Friday, October 24

Yahoo! Inquisitor update: new platforms and personalized results

Inquisitor is a browser plugin (originally for Safari) that provides search-as-you-type and suggested searches capabilities. Yahoo! just announced it is now available for Firefox and IE.
Building on the work by the Yahoo! Research team in the paper "Information Re-Retrieval: Repeat Queries in Yahoo! Logs," the algorithm that generates the personalized results has been enhanced to return more targeted results.
Inquisitor will also search the contents of your bookmarks to help you re-discover old content.

I've been trying it out and I really like it.

See ReadWriteWeb's coverage.

Thursday, October 23

Kleinberg launches new memetracker using Spinn3r

Kevin Burton from Spinn3r announced that Kleinberg's team at Cornell are launching a new memetracker.

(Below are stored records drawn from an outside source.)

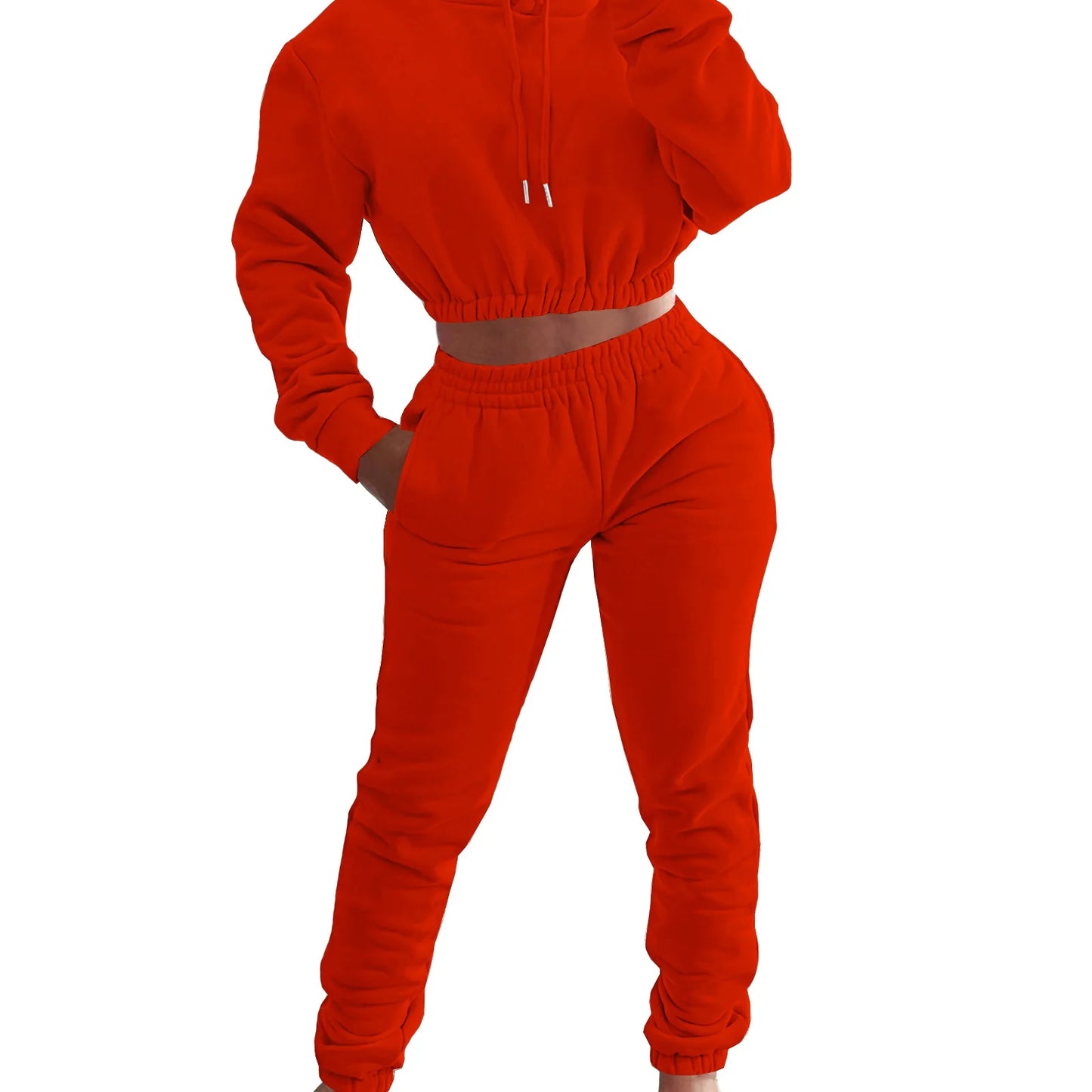 Sa9317d5f817a4d5fa6ef1c72e7e1fa53U
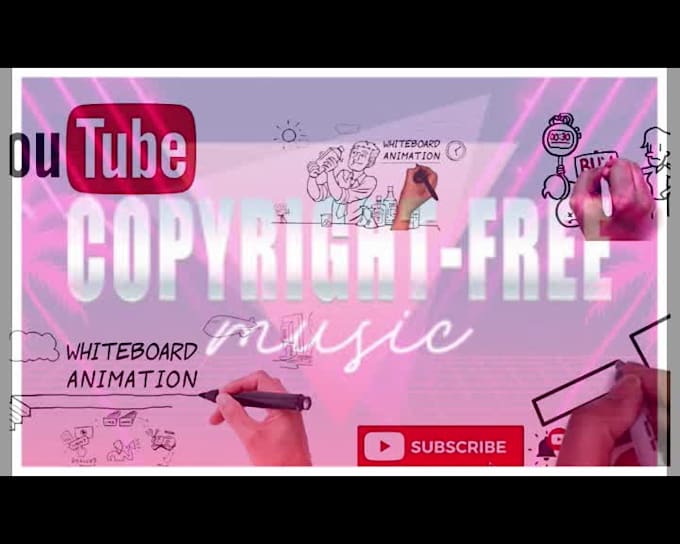 create youtube vedio with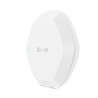 Linksys LAPAC1300C punto accesso WLAN 1300 Mbit s Bianco Supporto Power over Ethernet (PoE)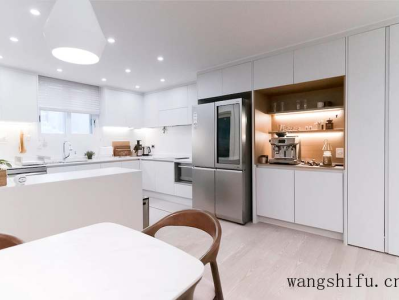 天津哪个楼顶能上去（天津哪个楼顶可以上去）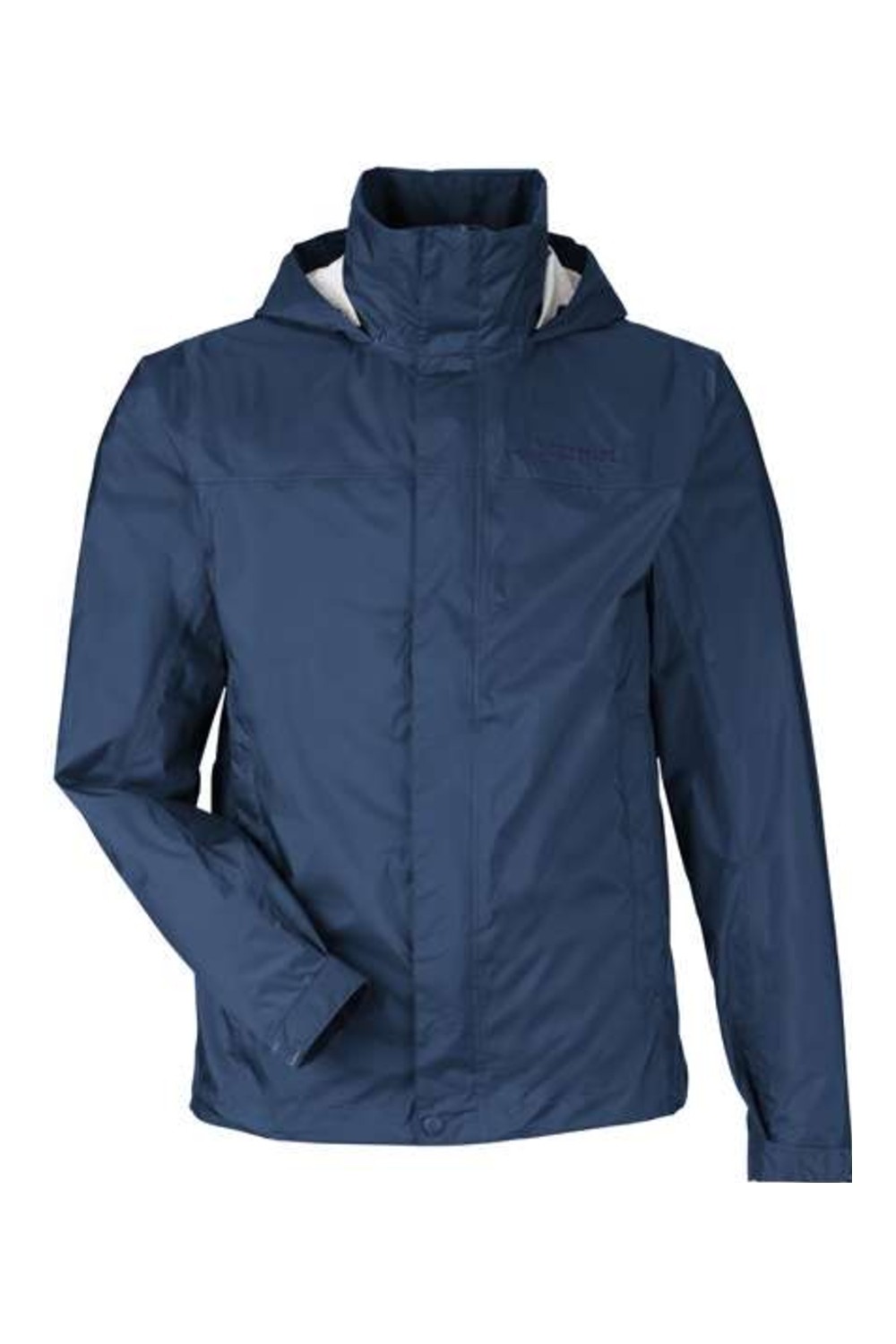 Marmot Men's PreCip® Eco Packable Rain Jacket for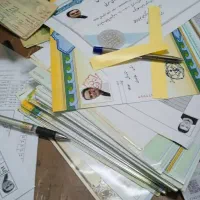 مشاوره مدرک تحصیلی و صدور انواع مدارک|خدمات آموزشی|همدان, |دیوار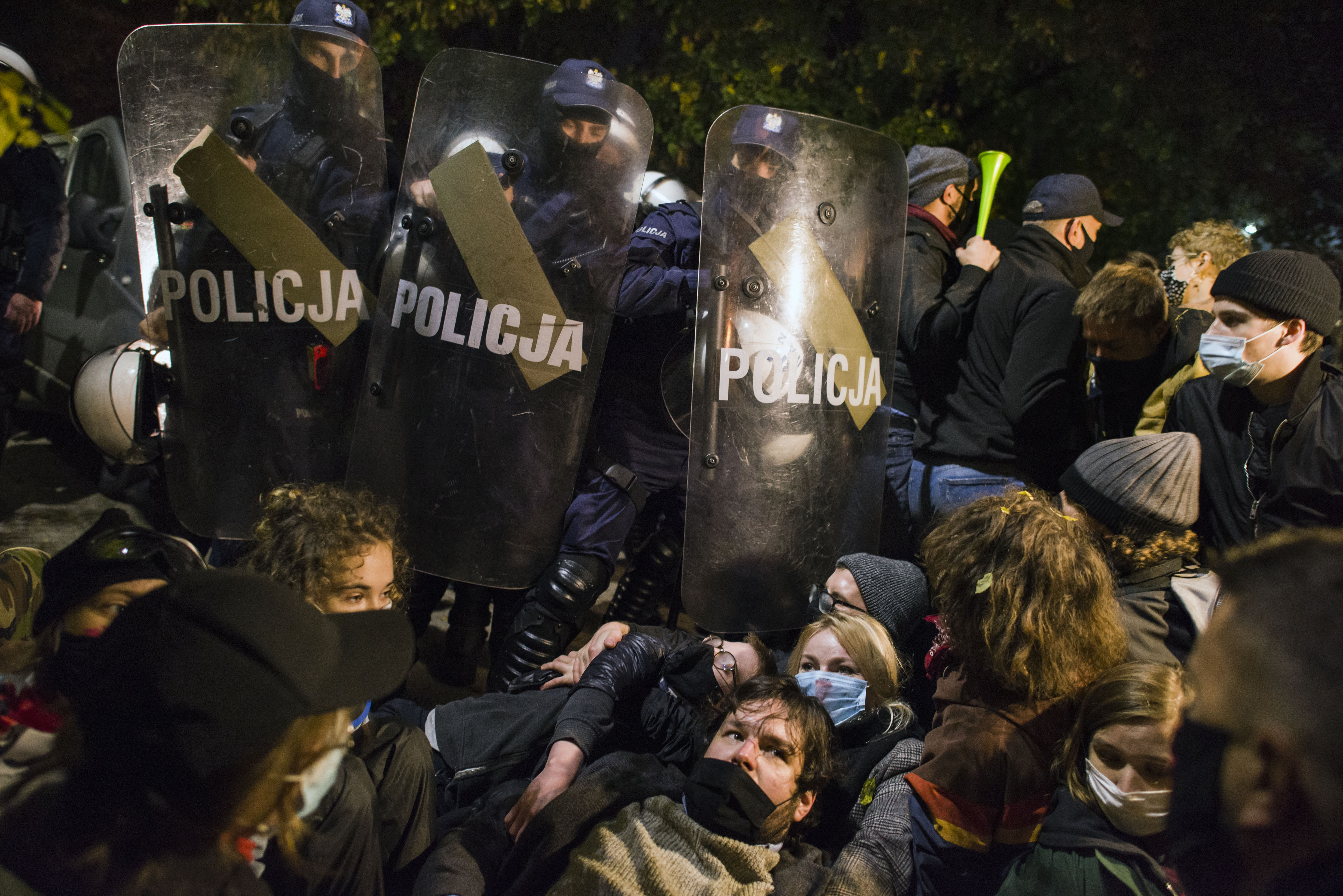 Attila Husejnow fotografia 003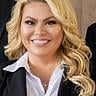 Photo of Linda Ojeda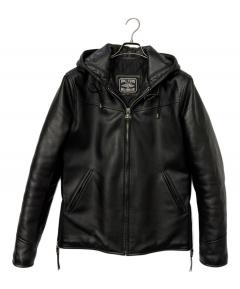 中古・古着通販】JACKROSE Luv maison (ジャックローズラブメゾン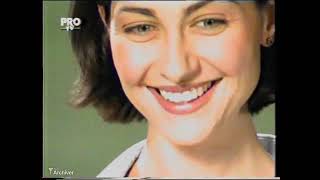 Download Lagu PRO TV - Pauze de publicitate / Continuity (26.04.2002) MP3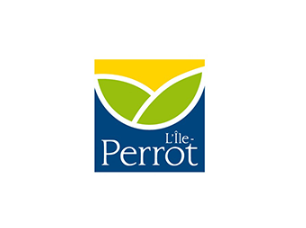 Île Perrot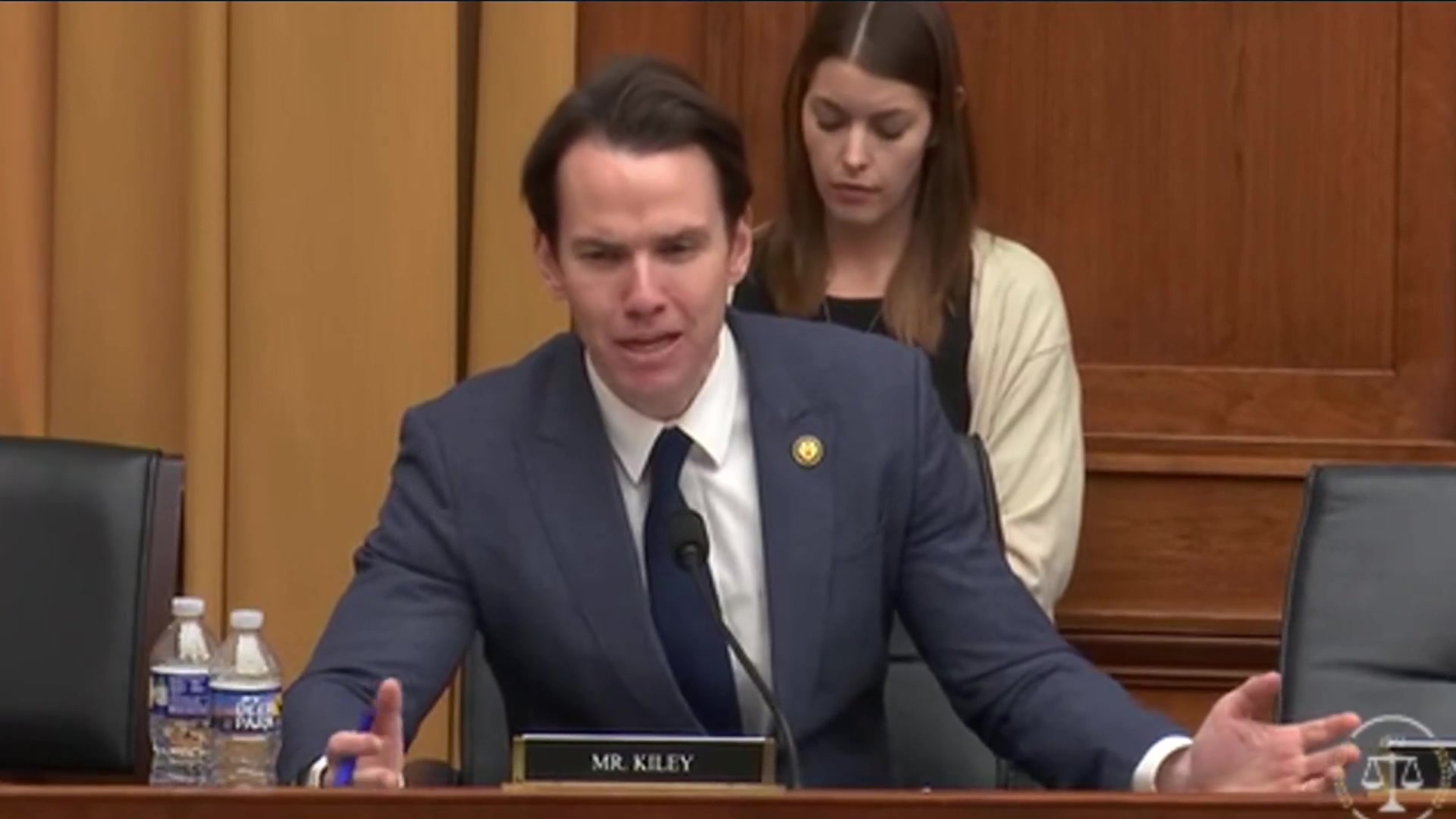 (Source: CNN Newsource)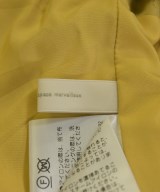 jena（ジェナ）その他 黄 サイズ:F レディース/2200715344040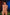 Irontech Doll Sexpuppe Lola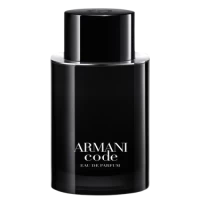 Armani Code Eau De Parfum (2024)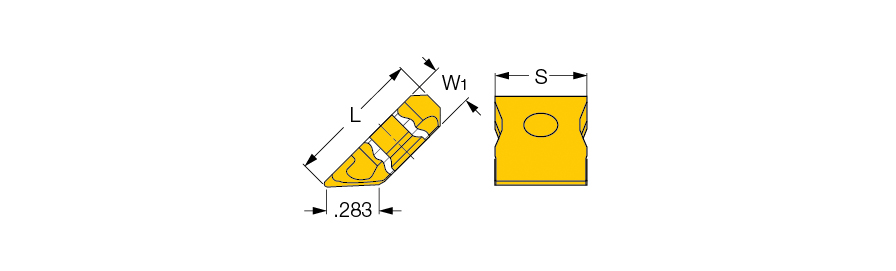 LNAT 1506AN-W IC910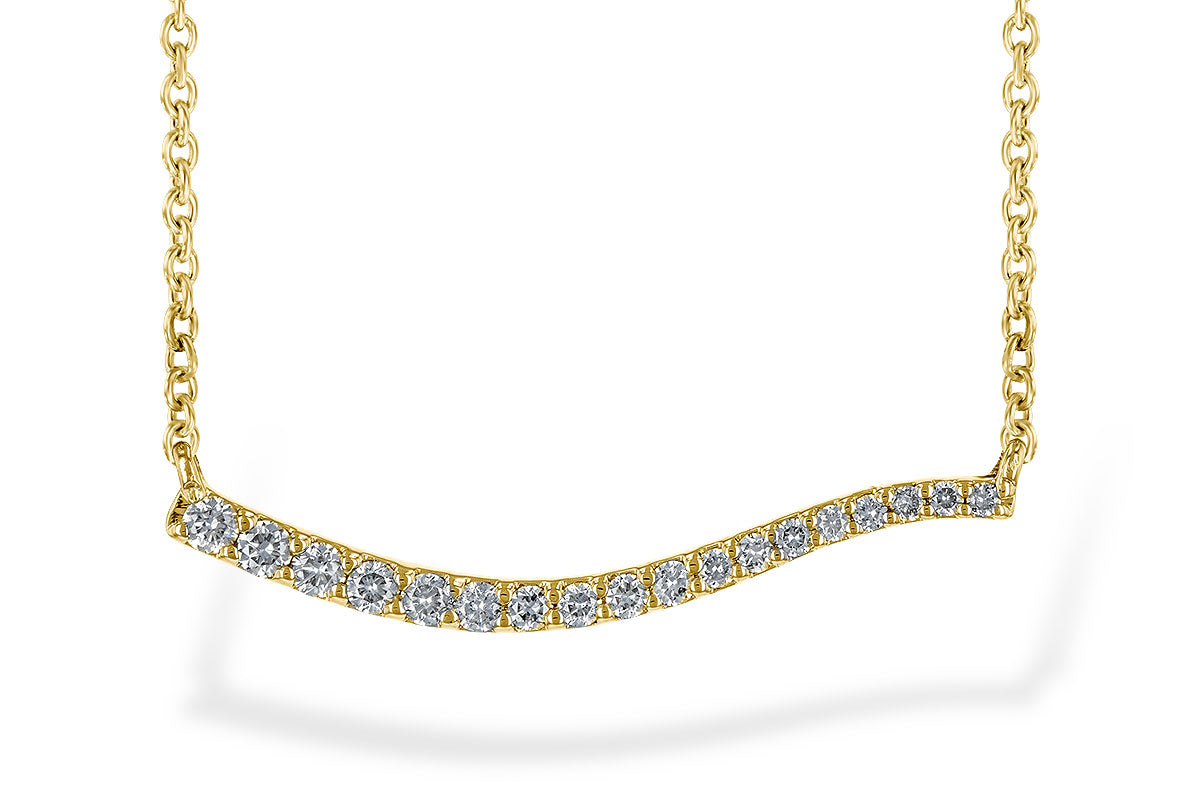 neck-25-tw-e188-54297_y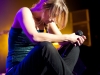 20111117_01_GuanoApes_08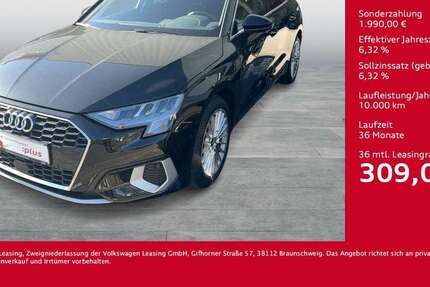 Audi A3 27.453 km 24.445 &euro; Dortmund 44143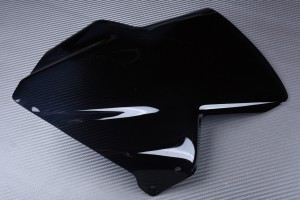 Cúpula en Policarbonato HONDA CB 650 F 2014 - 2018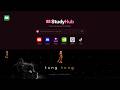 37 NEW Rare Unblocked Links Unblocked Websites For School Chromebook 2026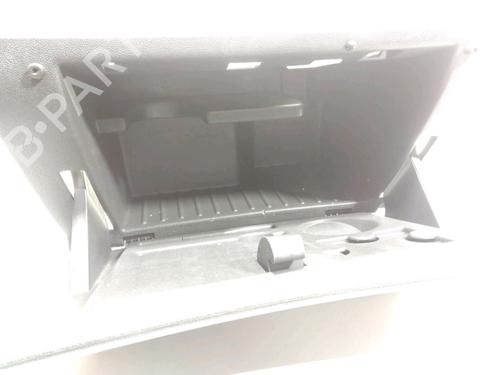 Glove box OPEL CORSA D (S07) 1.4 (L08, L68) | BP28231362C95 - Image 2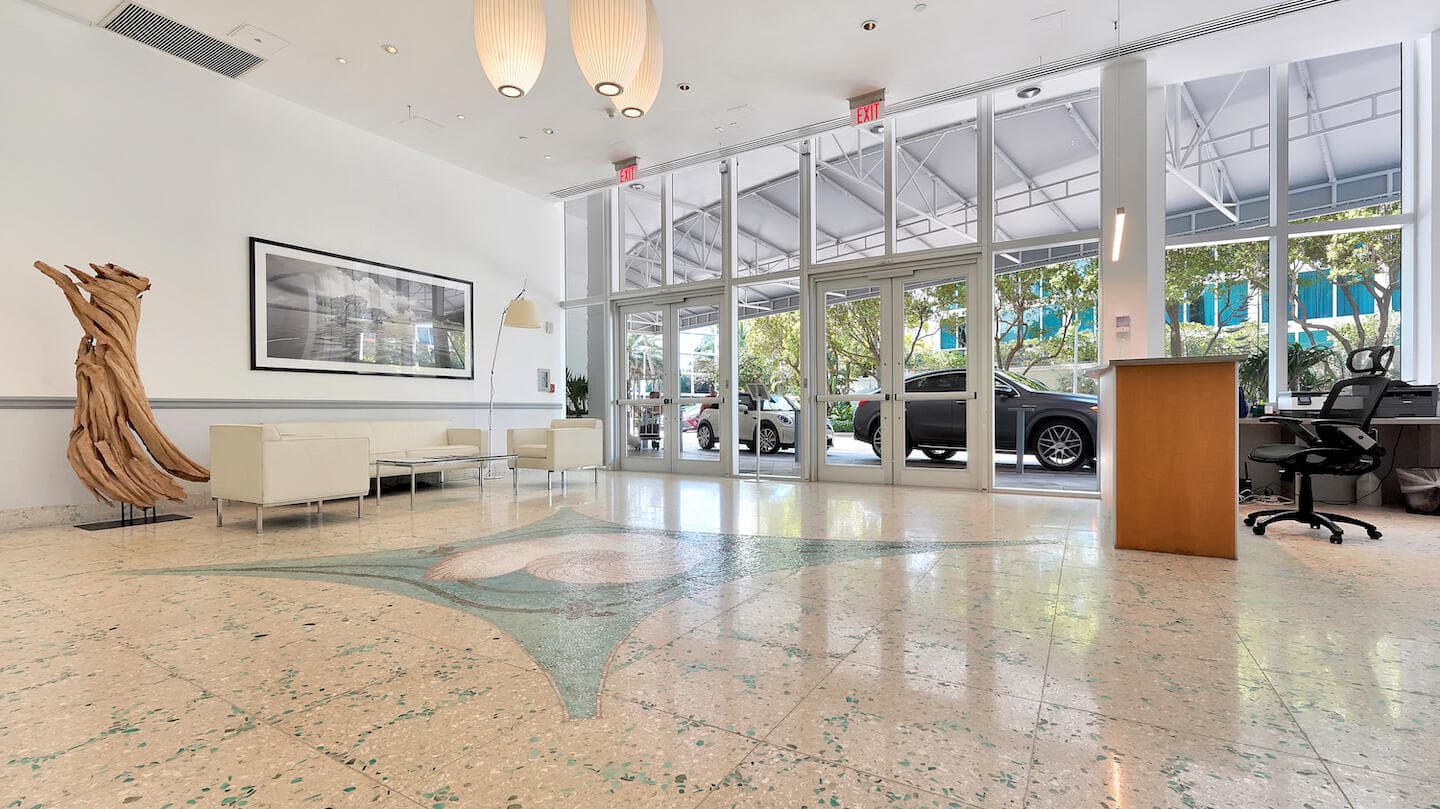 1200 Holiday Drive 1003, Fort Lauderdale, FL 33316 — photo 39 of 40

Check it out.

(Spinn3r also recently announced they were providing the data for the ICWSM data challenge.)

Monday, October 20

ICWSM 2009 Data Challenge

Ashkay announced that the data for the ICWSM 2009 data challenge is available.

The dataset consists of 44 million blog posts (27 GB compressed) crawled by Spinn3r between August 1st and October 1st 2008. The paper deadline is in January, so get to work!

TREC Blog Track approved for 2009

Congratulations to Iadh and team at Glasgow. Their proposal for the 2009 TREC blog track was approved.

It's exciting to see that in at least one task the relevance will include not only topical relevance, but also include the 'quality' of the content. This is one my major criticisms of the current Cranfield/TREC paradigm and most current academic experiments.

I find the blog track interesting, and not just because I have a blog. I'm interested in utilizing the highly temporal nature of blog posts to study the importance of temporal relevance. For example, to study the trade-off between authority and recency in ranking.

See also my previous discussion of the 2009 blog track.

LETOR 3.0 beta released

Microsoft Research Asia announced the beta 3.0 release of its Learning to Rank (LETOR) benchmarking platform.

You can read the announcement on the website for the full list of updates and changes. As an example, there are new document features for ranking:
In LETOR3.0 we added in-link number, out-link number, length of URL, number of slashes in the URL, etc. as new features. Also, we extracted those existing features in all streams (URL, title, anchor and body), while features in some streams are missing in LETOR2.0. Overall, there are 64 features (Table. 2) which can be directly used by learning algorithms.
Also of note, the document parser used to index the documents changed (different tf counts) and the definition of some of the document fields differs slightly from version 2.0. Furthermore, the IDF calculation changed significantly.